*** Data records ***

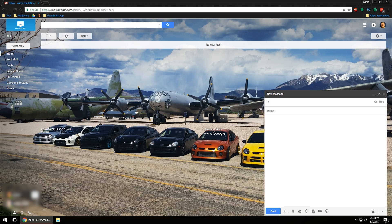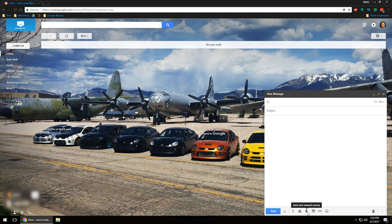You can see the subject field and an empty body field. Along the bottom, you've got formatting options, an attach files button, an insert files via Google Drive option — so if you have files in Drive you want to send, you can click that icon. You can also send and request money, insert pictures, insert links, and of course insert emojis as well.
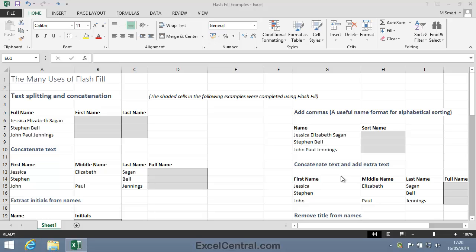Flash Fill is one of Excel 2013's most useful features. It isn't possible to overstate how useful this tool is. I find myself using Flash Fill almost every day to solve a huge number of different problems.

*** End of Data records ***
*** Data records ***

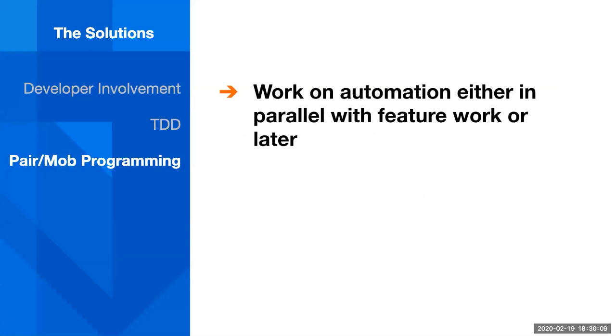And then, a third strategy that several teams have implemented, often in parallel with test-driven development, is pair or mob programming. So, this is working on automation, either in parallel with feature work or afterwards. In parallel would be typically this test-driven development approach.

*** End of Data records ***
*** Data records ***

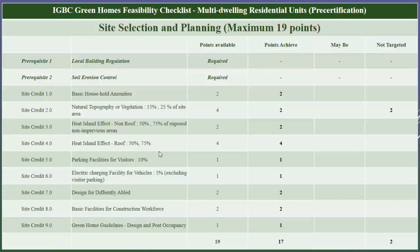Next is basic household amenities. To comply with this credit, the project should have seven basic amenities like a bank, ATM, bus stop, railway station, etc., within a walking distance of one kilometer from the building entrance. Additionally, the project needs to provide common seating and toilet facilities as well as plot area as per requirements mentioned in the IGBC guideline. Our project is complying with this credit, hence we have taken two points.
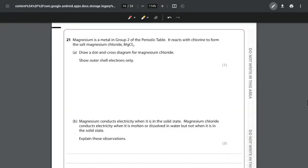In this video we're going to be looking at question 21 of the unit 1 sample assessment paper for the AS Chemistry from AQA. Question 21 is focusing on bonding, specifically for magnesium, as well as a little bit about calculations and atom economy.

*** End of Data records ***

Problem statement: Copy only the lines above from the one containing "Next is basic" through the one containing "In this video", both included. Leave out the pictures.

Solution below:
Next is basic household amenities. To comply with this credit, the project should have seven basic amenities like a bank, ATM, bus stop, railway station, etc., within a walking distance of one kilometer from the building entrance. Additionally, the project needs to provide common seating and toilet facilities as well as plot area as per requirements mentioned in the IGBC guideline. Our project is complying with this credit, hence we have taken two points.
In this video we're going to be looking at question 21 of the unit 1 sample assessment paper for the AS Chemistry from AQA. Question 21 is focusing on bonding, specifically for magnesium, as well as a little bit about calculations and atom economy.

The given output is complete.